Seldom, in my memory, have tributes to a journalist been so marked by that idea — their ability to understand and filter through the history and political complexity of a crisis situation to tell a more full picture of the impact on human life. In the Jakarta Globe Kamila Shamsie wrote about showing “the softer side of Pakistan“. As a counter to the “one-dimensional view” of Pakistan created largely by foreign correspondents, Shamsie called attention to cultural production — the music, art, history, and literature of a place. Highlighting such works isn’t just about showing the “softer” side of a country, she said. It is important because it draws attention to people, and to a society as more than just a site of violent destruction.

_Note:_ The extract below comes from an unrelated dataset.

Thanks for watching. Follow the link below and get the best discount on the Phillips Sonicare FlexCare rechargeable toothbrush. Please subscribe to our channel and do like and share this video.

It is the human – or humane – side of Pakistan that is absent from much of the current conversation.

These writings got me thinking about journalism as a medium of representation, as a tool of aggression, and as an active participant in the waging of war. As a very simple and recent example, one could look at the way the New York Times has been reporting on the so-called “nuclear crisis” in Iran. It all seems a bit like the all-too-fast escalation of emotions that led to the invasion of Iraq in 2003.

And then I was reminded of a David Brookes piece from the end of September, also in the New York Times (“The Limits of Empathy“). Admittedly, Brookes had little research to prove his thesis, but I read it in a time of questioning, and it sent me into a little tailspin of despair. Brookes asserted that while it was all very well to try and “promote empathy”, empathy was not linked to moral action. He cited as examples “Nazi prison guards [who] sometimes wept as they moved down Jewish women and children, but they still did it. Subjects in the famous Milgram experiments [who] felt anguish as they appeared to administer electric shocks to other research subjects, but they pressed on because some guy in a lab coat told them to.”  His argument that empathy is largely overblown was a terribly depressing, if somehow still seductive, assertion.

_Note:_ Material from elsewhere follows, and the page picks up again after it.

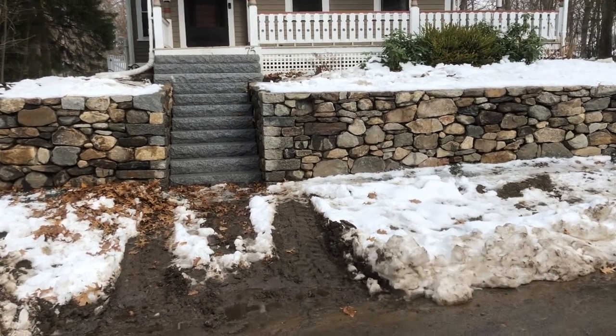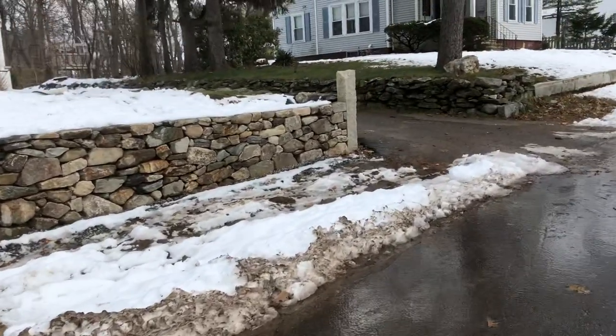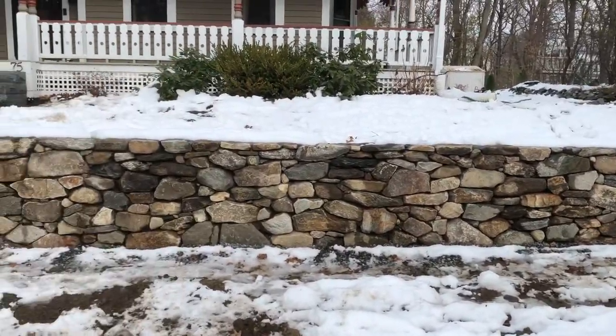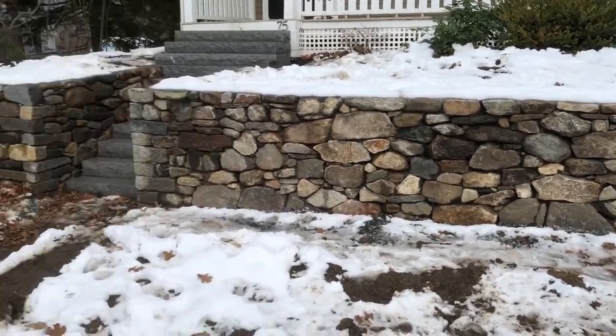Just cleaning up here in Reading, Mass. We have a field stone flat dry face wall. We did a reclaimed granite post on the end, and then we did a mortar and stone cap, so it's a flat cap. All the work's in the back — all the drain is in the back, there's mortar in the back — but the face is dry to look at dry stack.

After all, the (implicit!) mission of Hri is to do the sort of work that leads to a better understanding of the plurality that comprises Southasia, in an effort to promote pluralism as essential to sustainable peace. (A tall order, and some pretty big ideas.) But at the heart of all this is the belief that too much conflict is the result of misinformation. A recognition and understanding of diversity – in its contentious complexity – is a necessary basis for individuals to reach out to those they deem ‘different’. And at the end of the day, the actions of a society – a group, a community, a government – are determined by individuals. Isn’t this ultimately the idea behind groups such as Seeds of Peace, organizations that are usually considered successful in their ability to promote peace in conflict-ridden environments? Perhaps the security studies strategists and classical economists have it right after all – people act to promote their self-interest. Empathy cannot serve as a basis for consistent moral action, especially in times of conflicting needs.

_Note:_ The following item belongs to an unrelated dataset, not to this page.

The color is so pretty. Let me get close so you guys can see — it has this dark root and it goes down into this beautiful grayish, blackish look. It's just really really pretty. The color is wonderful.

Brooks never showed, though that active attempts to teach and promote empathy failed to reduce future incidence of conflict, whether interpersonal or group. So I decided to undertake my own casual and unscientific investigation, using the internet. It seemed that Brooks’ analysis really fell apart when one looked at the solution – or the alternative – to promoting empathy as a means of producing moral action. Brooks proposed a moral code as the way of making sure individuals were given the combination of discipline and pre-packaged thoughts that would guide them down a particular path. But then Jason Marsh, from Greater Good – a science and society research centre at Berkeley – came to my assistance. Marsh pointed out various studies that refute the idea of empathy as “useless”, particularly in guiding an individual or group’s course of action. Marsh’s most helpful take-away point is the reminder that empathy is a necessary first step, not an end.  Judging by the comments on this and other sites, however, many other readers shared my reaction to Brooks’ piece. Why was this? Why were we so willing to think that this cold rejection of empathy was somehow more valid than our belief in its power?

This brings me back, then, to Southasia. By understanding the context of another person’s beliefs and assertions, we may be less likely to react with immediate anger or defensiveness.  What would it mean to have more reporters like Shadid reporting on Southasian conflicts and political tension, within the region? Who recognize contradictions and contrasts, and can convey complexity – simply? If we can appreciate the value of pluralism, we move away from imposing a singular version of history on others.  Organizations like Seeds of Peace, and programmes like the “Teaching Tolerance” initiative of the Southern Poverty Law Centre,  work institutionally to promote empathy and understanding, especially among young people. On the other hand, the mainstream media has often functioned to incite jingoistic fervour and disparage communities and entire nations. So what is the basis – especially in Southasia – for believing in a sense of common, or shared humanity, one that could be picked up on by media, for example? And if the main work of journalism is to expose, and the task of non-governmental or community organizations to then follow up, what are some initiatives that have focussed on promoting empathy – group or individual – in the region?